Die Große Jugendkammer des Landgerichts Tübingen verhandelt den Fall des Raubüberfalls. Foto: M. Bernklau

Männer äußern sich vor Gericht zu den Vorwürfen. Noch bleiben Fragen offen.

Bad Wildbad/Tübingen - Im Prozess um den bewaffneten Raubüberfall auf ein Feinkostgeschäft in Bad Wildbad haben sich die drei angeklagten jungen Männer zu den Vorwürfen geäußert. Im Wesentlichen räumten sie die dilettantisch ausgeführte Tat vor der Großen Jugendkammer des Landgerichts Tübingen ein.

Am 21. Oktober vergangenen Jahres war der kleine Supermarkt Milch-Günthner in Bad Wildbad durch drei maskierte Räuber überfallen worden, von denen einer mit einem Baseballschläger bewaffnet war. Die Beute hatte 1780 Euro an Papiergeld betragen. Schon kurz nach der Flucht des Trios hatte die Polizei nach Zeugenhinweisen alle drei mutmaßlichen Täter vor einem Döner-Laden aufgreifen und festnehmen können.

Weil ein Gutachter fehlte, war die Verhandlung am Montag nach der Verlesung der Anklage vertagt worden. Bei der ungewöhnlichen Fortsetzung des Prozesses spielte der psychiatrische Gutachter eine besondere Rolle. Der Vorsitzende Richter Martin Streicher hatte die durchweg aussagewilligen Angeklagten nicht – wie sonst üblich – zunächst zur Person befragt, sondern gleich, nacheinander, zu den Tatumständen.

Zunächst äußerte sich der 19-jährige Nico S. zu den Vorwürfen, den Staatsanwältin Kaija Seiler für den Haupttäter hält, der den Baseballschläger geführt und die Ladeninhaberin mit Drohungen zum Öffnen der Kasse gezwungen haben soll. Nach seinen Angaben hatte er sich am frühen Nachmittag des Tattages in Schömberg mit seinem jüngeren Kumpel Tim S. (Name von der Redaktion geändert) getroffen und beim "Rumhängen" beschlossen, was sie einen "Ladenklau" nannten, um ihren durch Handyverträge und Drogenkonsum erhöhten Geldbedarf auszugleichen.

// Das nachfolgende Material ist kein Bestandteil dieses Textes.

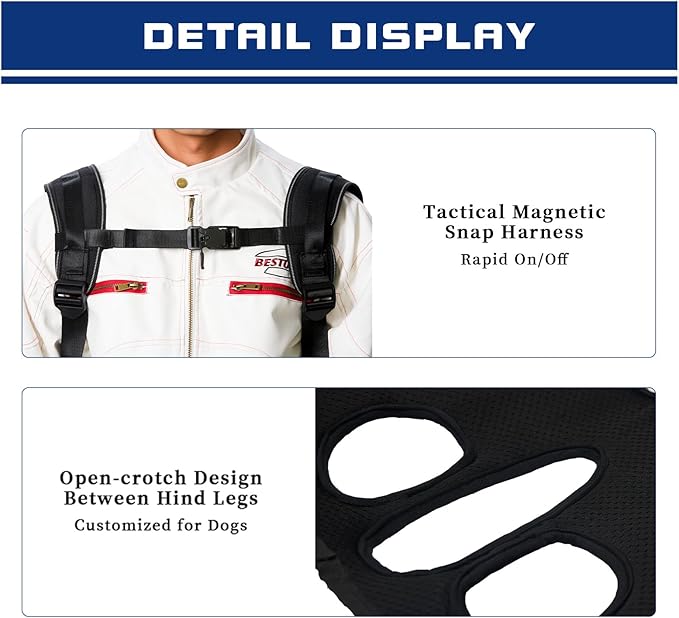 Dog Backpack Carrier - Spine-Friendly for Large Dogs(36-66lbs) Horizontal Design Dog Carrier with Adjustable Back Straps for Joint Injuries, Arthritis, Ideal for Stairs, Elderly Dogs(Size XXL)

Die zwei entschieden sich demnach für den Lebensmittelladen unweit von Tims Wildbader Wohnung, verständigten per Facebook ihren älteren Kompagnon Daniel B. und forderten ihn auf, seinen Baseballschläger mitzubringen. Auf dem Weg über Unterreichenbach und Pforzheim konkretisierten sich die Pläne offenbar, und das Trio rüstete sich bei Tim S. mit Tüchern, Müllsäcken und Sonnenbrillen aus, um sich in einem Mauerwinkel zwischen Wohnung und dem Laden für den Überfall zu maskieren.

Die Angaben der ersten beiden Angeklagten deckten sich im Wesentlichen, und auch der eher wortkarge Daniel B. äußerte sich weitgehend übereinstimmend zum Hergang. Dann aber zog der Gutachter, der Tübinger Kinder- und Jugendpsychiater Andreas Stevens, die Initiative an sich und bohrte bei den persönlichen Umständen dieses dritten, des ältesten Beschuldigten nach.

Nach dem Aufstehen mit dem Wodka begonnen

Dabei ergab sich ein besonderes Bild. Der von der Tatbeteiligung her bis dahin eher als Mitläufer erscheinende, zur Tatzeit aber schon 21 Jahre alte Daniel B. hatte nach eigener Aussage Schulden von 16.000 Euro angehäuft, hatte über Jahre hinweg durch Medikamentenmissbrauch, Drogen, psychische und familiäre Probleme und vor allem zunehmend durch exzessives Trinken – bis zu zwei Flaschen Schnaps, dazu viel Bier täglich – den Boden verloren.

Daniel S. gab auch an, am Tattag gleich nach dem späten Aufstehen mit dem Wodkatrinken begonnen zu haben. Ausfallerscheinungen hatte er aber weder nach seinen noch nach den Aussagen seiner mutmaßlichen Mittäter. Als einziger Angeklagter könnte Daniel B. nach Erwachsenen-Strafrecht verurteilt werden. Seinen Tatbeitrag an dem Überfall und die persönlichen Umstände zu klären, wird nach den Geständnissen eine Hauptaufgabe für die Große Jugendkammer sein – neben der Frage, wie brutal die Drohungen gegen die 60-jährige Ladeninhaberin bei dem eher dilettantisch ausgeführten gemeinschaftlichen Raub waren.